Exercise requirements
It would help if you retyped the data exactly, leaving out the pictures.

Short descriptive text snippets:
════════

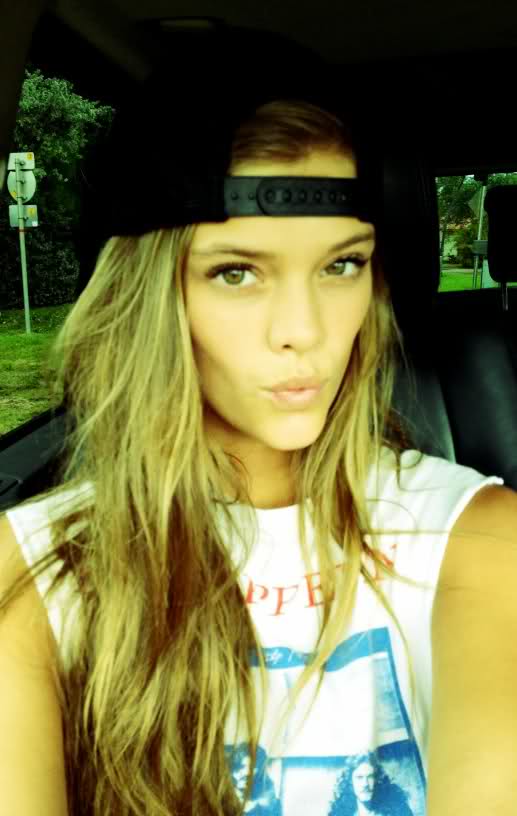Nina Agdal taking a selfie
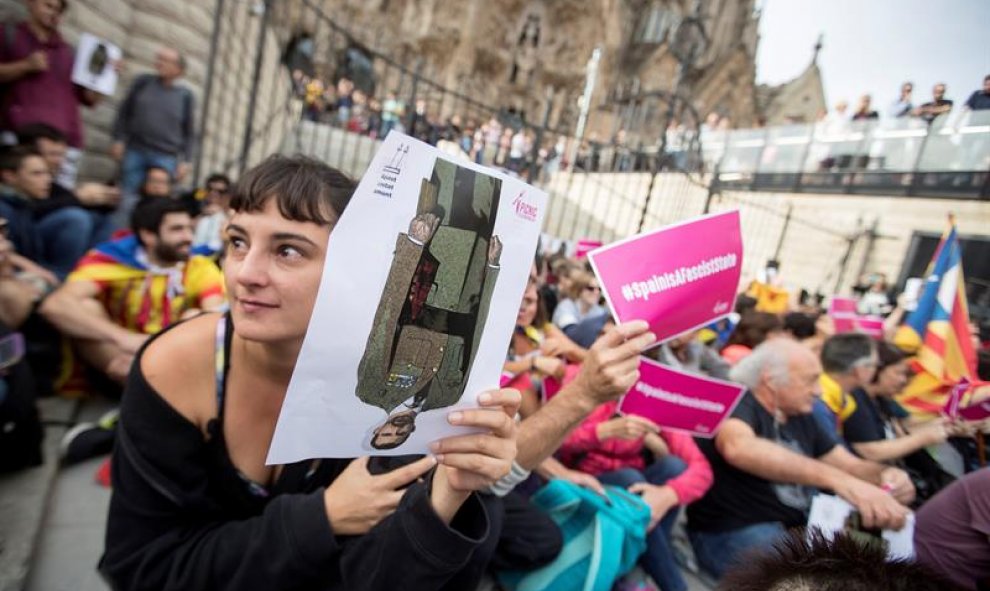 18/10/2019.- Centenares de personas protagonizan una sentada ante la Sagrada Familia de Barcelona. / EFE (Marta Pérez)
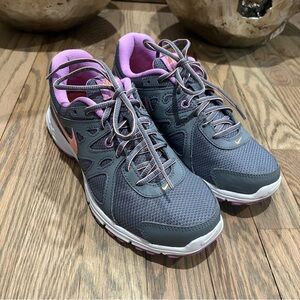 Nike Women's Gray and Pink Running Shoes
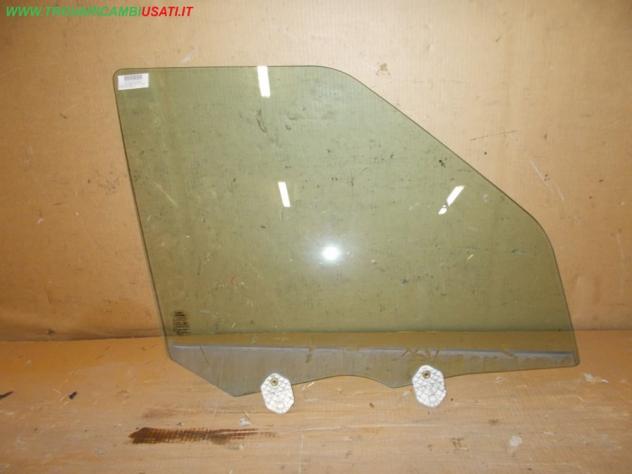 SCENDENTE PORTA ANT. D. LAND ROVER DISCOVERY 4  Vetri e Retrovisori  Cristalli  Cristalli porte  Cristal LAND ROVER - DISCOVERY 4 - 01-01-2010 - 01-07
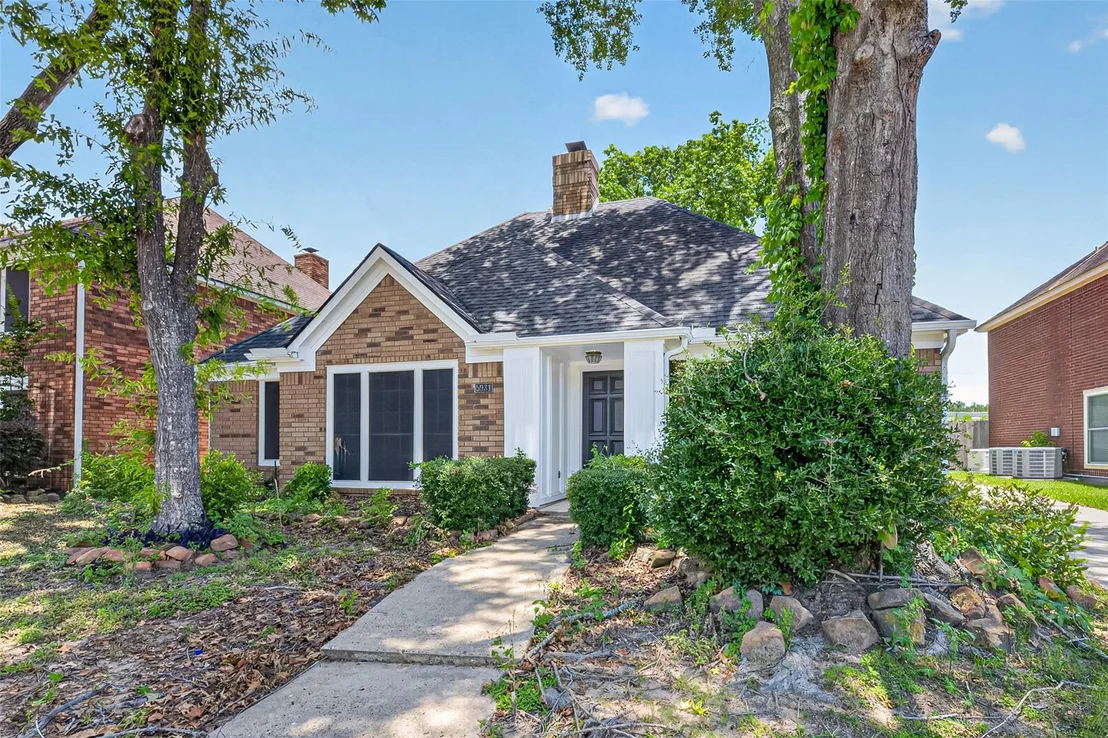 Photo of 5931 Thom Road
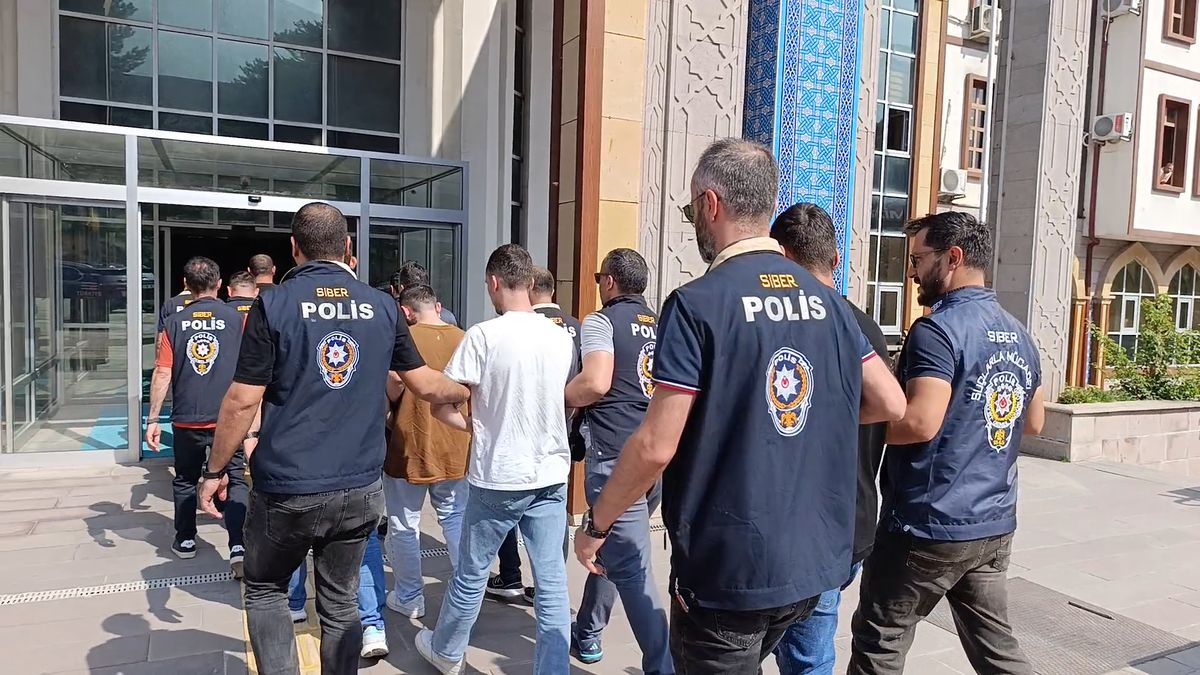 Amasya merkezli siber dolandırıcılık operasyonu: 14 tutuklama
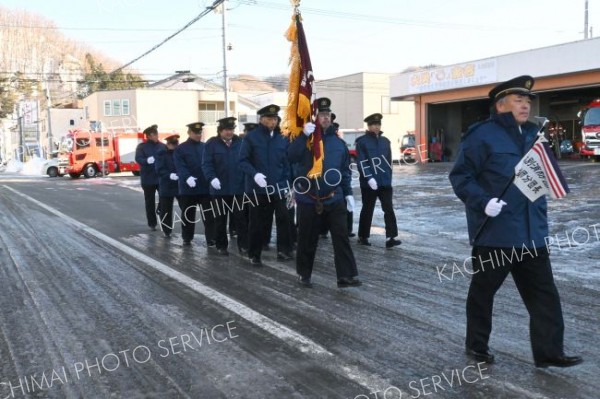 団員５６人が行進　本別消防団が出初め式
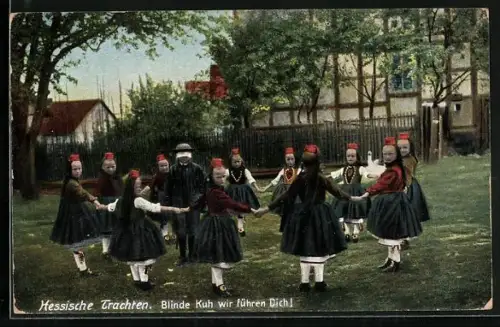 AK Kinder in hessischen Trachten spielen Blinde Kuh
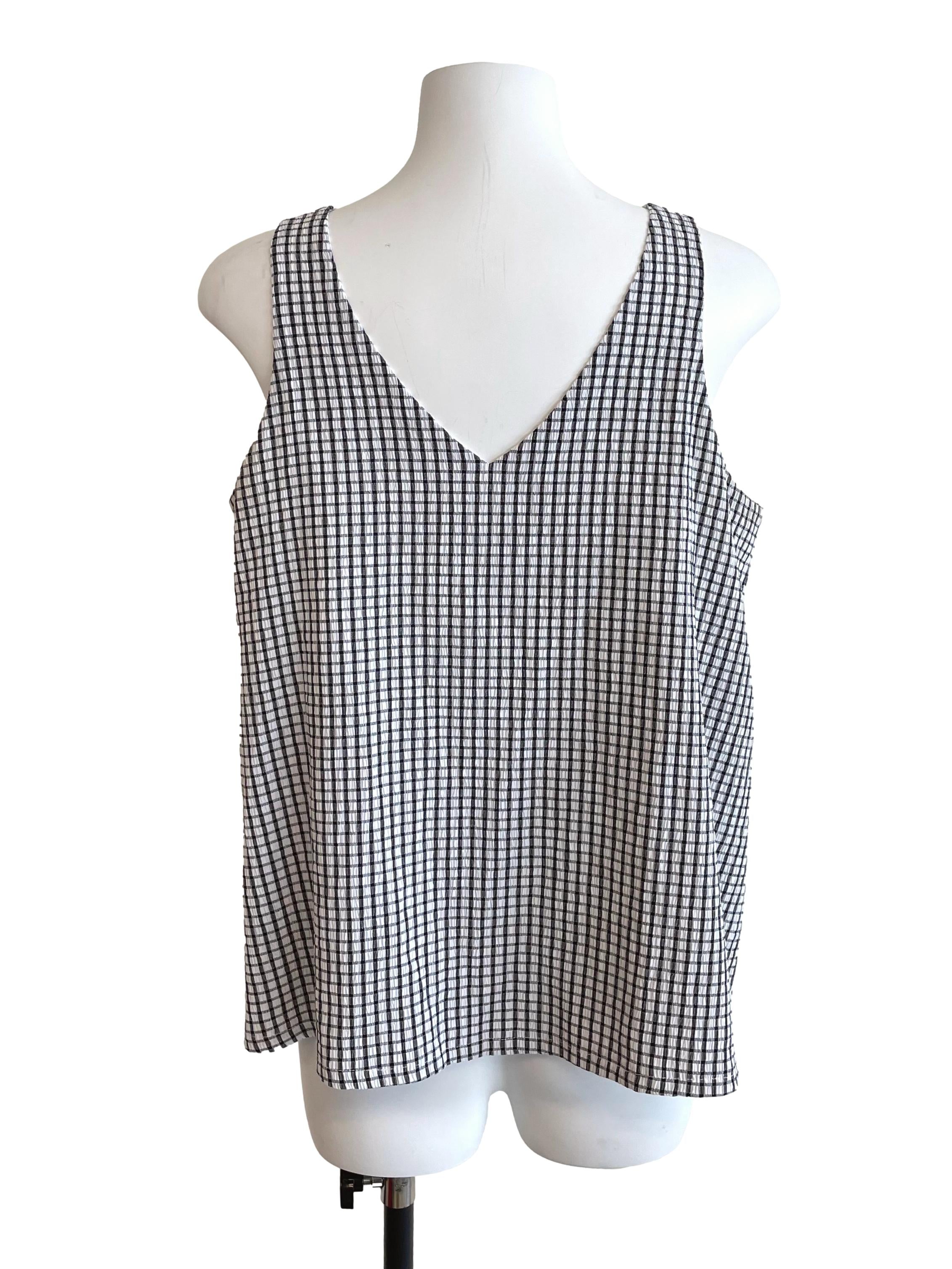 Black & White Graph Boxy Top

════════

Answer below
Nina Agdal taking a selfie
 18/10/2019.- Centenares de personas protagonizan una sentada ante la Sagrada Familia de Barcelona. / EFE (Marta Pérez)
 Nike Women's Gray and Pink Running Shoes
 SCENDENTE PORTA ANT. D. LAND ROVER DISCOVERY 4  Vetri e Retrovisori  Cristalli  Cristalli porte  Cristal LAND ROVER - DISCOVERY 4 - 01-01-2010 - 01-07
 Photo of 5931 Thom Road
 Amasya merkezli siber dolandırıcılık operasyonu: 14 tutuklama
 団員５６人が行進　本別消防団が出初め式
 AK Kinder in hessischen Trachten spielen Blinde Kuh
 Black & White Graph Boxy Top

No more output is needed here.